Minneapolis (MN) Living Wage Ordinance

The Living Wage Ordinance, which includes the Business Subsidy Act, requires covered projects to create at least one full-time living wage job for each $25,000 of business subsidy. State law contains many exemptions. The city places its own requirements on subsidies valued at $100,000 or more and with the intention, or end result, of creating or keeping jobs. Living wage rates effective January 1, 2022, to December 31, 2022, are 130% of poverty for a family of four without health coverage provided by the employer and 110% of poverty for a family of four with health coverage provided by the employer.
Government Policy

National Apprenticeship Act

First signed into law in 1937, this legislation outlines minimum national program standards for registered apprenticeship programs (RAPs).

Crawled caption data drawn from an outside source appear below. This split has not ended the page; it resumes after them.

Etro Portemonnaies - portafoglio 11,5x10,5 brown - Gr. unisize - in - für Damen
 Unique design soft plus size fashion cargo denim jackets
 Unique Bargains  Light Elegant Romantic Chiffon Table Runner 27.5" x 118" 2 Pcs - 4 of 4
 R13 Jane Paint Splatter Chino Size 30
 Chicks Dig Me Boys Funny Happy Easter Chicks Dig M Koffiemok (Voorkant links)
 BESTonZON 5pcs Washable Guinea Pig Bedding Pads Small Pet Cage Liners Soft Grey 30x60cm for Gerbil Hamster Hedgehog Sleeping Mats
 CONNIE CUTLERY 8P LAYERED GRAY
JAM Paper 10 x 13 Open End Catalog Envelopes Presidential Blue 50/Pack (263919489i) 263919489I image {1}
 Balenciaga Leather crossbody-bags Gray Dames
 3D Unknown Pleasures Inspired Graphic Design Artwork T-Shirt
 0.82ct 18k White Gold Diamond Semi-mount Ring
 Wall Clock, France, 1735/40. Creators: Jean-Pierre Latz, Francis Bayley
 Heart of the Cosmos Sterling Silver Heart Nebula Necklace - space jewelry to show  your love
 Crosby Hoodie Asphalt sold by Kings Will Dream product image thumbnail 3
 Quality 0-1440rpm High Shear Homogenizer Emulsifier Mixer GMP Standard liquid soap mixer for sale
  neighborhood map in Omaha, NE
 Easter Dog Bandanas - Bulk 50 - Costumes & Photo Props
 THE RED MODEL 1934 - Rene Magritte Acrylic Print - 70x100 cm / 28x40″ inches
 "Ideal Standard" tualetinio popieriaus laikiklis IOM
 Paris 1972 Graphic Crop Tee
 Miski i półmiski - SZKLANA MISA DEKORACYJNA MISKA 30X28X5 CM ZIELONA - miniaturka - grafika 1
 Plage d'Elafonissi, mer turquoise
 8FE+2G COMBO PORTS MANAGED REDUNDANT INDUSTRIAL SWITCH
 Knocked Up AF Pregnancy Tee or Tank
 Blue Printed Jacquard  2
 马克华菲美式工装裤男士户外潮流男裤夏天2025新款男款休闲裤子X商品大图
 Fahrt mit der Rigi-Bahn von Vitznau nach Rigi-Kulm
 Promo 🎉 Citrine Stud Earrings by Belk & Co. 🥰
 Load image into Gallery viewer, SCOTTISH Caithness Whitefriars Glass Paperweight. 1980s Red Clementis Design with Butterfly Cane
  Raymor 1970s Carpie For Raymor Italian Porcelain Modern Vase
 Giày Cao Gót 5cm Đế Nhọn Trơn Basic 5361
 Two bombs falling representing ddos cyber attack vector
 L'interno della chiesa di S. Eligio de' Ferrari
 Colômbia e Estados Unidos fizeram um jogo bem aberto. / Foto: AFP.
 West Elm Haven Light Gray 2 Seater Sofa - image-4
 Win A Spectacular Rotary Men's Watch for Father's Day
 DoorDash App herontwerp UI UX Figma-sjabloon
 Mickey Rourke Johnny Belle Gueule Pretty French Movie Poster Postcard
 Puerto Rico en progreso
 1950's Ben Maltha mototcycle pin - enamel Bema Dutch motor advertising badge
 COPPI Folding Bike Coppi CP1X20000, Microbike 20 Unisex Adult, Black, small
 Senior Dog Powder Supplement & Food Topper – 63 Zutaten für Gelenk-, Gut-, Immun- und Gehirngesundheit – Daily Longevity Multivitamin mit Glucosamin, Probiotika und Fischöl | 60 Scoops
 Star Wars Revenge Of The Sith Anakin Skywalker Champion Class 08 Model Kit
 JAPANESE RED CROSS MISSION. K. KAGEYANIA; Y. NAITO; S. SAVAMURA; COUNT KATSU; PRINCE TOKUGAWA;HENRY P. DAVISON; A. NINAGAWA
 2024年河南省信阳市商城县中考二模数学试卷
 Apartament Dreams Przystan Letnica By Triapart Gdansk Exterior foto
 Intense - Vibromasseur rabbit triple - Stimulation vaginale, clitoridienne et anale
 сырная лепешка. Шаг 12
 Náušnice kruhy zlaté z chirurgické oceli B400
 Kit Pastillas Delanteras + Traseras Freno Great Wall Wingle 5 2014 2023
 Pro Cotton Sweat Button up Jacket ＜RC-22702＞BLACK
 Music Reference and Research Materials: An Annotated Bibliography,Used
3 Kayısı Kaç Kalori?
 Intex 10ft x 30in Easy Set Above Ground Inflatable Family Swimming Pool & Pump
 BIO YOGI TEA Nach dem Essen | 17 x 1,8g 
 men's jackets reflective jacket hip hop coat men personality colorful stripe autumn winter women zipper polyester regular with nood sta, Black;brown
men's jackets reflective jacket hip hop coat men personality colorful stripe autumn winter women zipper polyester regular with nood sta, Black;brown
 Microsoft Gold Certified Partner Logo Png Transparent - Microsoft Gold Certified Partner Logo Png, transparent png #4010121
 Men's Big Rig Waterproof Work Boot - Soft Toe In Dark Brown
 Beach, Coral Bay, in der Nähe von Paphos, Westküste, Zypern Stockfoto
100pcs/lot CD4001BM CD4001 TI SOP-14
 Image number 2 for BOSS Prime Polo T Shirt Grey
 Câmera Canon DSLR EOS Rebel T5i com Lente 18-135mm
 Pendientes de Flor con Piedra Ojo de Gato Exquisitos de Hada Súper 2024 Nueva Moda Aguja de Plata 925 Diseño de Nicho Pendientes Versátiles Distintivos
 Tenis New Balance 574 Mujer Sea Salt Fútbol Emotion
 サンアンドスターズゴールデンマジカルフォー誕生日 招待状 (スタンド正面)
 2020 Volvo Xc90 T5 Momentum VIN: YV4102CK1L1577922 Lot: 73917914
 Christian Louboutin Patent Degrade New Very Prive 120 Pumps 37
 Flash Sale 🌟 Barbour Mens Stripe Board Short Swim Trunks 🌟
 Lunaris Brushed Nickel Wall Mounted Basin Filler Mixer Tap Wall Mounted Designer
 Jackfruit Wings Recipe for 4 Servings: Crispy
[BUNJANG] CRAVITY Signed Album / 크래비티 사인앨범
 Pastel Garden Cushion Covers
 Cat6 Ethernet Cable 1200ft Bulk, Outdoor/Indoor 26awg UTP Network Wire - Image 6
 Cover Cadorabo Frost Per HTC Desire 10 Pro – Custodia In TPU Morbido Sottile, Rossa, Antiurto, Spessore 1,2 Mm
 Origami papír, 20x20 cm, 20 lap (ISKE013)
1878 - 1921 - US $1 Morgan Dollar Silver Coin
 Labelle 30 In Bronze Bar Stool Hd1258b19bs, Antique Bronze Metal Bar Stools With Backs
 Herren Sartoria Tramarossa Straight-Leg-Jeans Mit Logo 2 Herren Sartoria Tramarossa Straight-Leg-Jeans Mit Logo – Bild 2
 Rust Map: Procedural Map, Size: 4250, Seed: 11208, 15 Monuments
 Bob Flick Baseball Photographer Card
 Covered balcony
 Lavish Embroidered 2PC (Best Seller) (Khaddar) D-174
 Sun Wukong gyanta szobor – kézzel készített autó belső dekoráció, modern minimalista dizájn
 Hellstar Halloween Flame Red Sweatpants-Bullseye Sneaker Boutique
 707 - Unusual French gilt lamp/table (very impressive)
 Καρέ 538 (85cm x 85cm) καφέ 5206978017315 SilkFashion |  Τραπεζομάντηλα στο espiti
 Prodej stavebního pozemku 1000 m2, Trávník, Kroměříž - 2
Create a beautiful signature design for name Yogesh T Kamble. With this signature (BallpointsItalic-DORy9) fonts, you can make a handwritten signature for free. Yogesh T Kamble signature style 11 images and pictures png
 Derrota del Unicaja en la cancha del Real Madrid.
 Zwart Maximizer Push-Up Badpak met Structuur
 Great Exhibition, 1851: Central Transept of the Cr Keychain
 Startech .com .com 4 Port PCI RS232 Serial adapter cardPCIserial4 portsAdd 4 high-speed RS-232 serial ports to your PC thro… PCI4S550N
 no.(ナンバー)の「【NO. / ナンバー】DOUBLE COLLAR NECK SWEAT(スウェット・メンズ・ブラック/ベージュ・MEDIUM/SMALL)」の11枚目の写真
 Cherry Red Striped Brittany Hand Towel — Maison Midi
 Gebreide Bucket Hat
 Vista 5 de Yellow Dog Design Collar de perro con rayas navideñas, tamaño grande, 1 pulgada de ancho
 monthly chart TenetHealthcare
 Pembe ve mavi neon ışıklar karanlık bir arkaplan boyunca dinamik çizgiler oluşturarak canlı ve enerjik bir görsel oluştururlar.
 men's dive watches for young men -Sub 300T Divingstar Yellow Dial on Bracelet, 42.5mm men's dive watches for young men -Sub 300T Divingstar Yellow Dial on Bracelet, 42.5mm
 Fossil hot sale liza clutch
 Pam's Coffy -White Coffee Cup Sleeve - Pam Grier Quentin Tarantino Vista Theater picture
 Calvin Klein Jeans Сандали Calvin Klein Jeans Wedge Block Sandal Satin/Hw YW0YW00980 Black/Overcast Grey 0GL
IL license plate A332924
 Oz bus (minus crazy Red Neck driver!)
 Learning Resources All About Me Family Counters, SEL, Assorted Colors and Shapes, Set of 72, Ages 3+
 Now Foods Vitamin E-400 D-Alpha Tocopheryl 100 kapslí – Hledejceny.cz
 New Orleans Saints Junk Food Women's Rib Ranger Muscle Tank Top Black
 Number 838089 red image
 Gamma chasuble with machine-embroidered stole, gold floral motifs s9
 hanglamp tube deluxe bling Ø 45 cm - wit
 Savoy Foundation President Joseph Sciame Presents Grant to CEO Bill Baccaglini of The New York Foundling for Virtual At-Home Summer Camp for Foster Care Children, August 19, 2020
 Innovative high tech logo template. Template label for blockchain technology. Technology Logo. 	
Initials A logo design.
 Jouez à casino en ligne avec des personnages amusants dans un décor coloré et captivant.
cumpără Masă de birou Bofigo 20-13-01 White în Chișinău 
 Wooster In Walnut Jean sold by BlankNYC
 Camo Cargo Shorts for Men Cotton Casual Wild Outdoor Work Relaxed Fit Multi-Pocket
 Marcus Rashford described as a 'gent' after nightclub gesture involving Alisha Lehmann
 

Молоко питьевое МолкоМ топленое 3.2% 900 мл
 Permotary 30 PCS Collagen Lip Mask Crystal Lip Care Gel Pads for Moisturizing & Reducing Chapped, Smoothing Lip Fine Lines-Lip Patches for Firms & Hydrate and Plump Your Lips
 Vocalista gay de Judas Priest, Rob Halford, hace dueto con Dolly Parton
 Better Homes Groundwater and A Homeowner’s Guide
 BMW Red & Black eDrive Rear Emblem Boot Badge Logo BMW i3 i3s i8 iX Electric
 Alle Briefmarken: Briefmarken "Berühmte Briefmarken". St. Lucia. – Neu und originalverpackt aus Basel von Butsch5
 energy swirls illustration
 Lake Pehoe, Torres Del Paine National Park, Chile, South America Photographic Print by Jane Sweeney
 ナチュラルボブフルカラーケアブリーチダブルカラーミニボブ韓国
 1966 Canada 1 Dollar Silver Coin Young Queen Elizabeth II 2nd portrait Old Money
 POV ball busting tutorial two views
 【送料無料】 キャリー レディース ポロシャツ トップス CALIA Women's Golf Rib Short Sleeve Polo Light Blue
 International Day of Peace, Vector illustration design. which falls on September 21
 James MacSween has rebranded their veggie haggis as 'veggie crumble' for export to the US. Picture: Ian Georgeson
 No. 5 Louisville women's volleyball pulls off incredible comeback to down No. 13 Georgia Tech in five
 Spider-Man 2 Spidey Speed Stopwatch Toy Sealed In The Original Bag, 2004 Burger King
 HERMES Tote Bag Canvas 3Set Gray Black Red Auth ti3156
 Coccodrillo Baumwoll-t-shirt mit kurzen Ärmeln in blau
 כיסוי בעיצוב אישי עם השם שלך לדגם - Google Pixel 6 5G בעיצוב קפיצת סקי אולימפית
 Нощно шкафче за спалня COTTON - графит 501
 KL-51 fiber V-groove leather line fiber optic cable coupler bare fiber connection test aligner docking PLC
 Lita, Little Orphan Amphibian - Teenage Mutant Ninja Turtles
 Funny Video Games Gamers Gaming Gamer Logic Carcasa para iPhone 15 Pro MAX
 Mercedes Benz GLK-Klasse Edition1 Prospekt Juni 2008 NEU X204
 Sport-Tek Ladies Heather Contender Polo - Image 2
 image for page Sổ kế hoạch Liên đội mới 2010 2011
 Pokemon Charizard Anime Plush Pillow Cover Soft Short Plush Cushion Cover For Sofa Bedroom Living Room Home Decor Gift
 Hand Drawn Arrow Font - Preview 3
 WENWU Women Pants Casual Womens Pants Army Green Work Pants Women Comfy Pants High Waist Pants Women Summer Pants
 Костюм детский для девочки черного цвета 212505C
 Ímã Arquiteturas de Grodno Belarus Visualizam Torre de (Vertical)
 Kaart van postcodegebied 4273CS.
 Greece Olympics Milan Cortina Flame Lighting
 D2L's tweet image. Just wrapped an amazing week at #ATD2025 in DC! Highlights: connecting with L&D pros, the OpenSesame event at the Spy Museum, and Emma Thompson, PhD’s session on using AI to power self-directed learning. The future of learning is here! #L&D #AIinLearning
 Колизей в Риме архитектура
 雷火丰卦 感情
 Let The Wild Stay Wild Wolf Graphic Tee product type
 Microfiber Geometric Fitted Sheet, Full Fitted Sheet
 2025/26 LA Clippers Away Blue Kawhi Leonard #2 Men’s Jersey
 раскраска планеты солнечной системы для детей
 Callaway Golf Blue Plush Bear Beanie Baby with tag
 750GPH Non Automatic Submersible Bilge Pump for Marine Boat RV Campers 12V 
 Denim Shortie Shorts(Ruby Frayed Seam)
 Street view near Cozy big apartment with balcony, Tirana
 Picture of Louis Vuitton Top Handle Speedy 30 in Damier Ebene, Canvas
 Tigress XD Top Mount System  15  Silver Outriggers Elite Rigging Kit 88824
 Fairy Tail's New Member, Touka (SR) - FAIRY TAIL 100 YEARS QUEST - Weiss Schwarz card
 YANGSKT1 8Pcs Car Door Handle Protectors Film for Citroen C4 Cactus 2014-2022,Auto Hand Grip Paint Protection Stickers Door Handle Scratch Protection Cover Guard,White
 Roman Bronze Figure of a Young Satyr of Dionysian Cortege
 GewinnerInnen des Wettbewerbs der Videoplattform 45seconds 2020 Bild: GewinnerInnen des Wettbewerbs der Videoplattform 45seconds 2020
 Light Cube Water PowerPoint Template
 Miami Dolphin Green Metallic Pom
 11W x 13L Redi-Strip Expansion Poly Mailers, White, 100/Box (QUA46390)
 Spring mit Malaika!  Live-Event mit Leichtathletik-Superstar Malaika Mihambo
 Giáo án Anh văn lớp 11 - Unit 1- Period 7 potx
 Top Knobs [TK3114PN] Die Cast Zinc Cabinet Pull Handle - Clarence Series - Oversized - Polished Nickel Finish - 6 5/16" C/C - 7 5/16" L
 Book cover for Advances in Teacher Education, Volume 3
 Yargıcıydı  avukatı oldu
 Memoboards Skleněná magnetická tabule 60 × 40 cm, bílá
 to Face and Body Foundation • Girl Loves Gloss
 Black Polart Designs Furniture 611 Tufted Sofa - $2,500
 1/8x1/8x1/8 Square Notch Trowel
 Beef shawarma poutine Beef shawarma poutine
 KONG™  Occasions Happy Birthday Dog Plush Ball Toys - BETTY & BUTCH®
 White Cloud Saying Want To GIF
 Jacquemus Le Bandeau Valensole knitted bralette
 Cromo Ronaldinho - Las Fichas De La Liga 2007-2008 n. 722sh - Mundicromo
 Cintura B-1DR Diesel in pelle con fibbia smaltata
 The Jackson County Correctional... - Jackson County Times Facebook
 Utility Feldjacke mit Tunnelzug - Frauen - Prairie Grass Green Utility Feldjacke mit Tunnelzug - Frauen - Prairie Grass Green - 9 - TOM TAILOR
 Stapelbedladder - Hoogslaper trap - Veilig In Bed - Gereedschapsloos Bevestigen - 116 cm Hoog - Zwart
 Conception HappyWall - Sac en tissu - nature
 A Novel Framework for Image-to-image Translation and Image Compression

The systems, structures and policies outlined in this legislation provide the framework for local workforce agencies to fund union registered apprenticeship programs (as well as non-union programs) through other federal funds, including the Workforce Innovation and Opportunity Act, Temporary Assistance for Needy Families and SNAP employment and training to subsidize wages and classroom instruction related to RAP on-the-job learning and related instruction.
Government Practice

New York (NY) "Employee Ownership NYC"

New York City developed the nation’s largest municipal initiative for education and technical assistance around employee ownership and conversion. Business owners can access $10,000 of technical assistance services, utilize the Owners2Owners hotline and have targeted financing and grant opportunities for worker cooperatives.
Government Policy

New York (NY) Fair Wages for New Yorkers Act

New York City launched the Fair Wages for New Yorkers Act, a living wage law that includes wages and health benefits for workers. The law requires certain employers that receive at least $1 million of financial assistance from the city or a city economic development entity to pay no less than the living wage to their employees at the project site, unless the employer qualifies for certain exemptions. As of April 1, 2022, the living wage rate of $15.00 and health benefit supplement of $2.05 applies.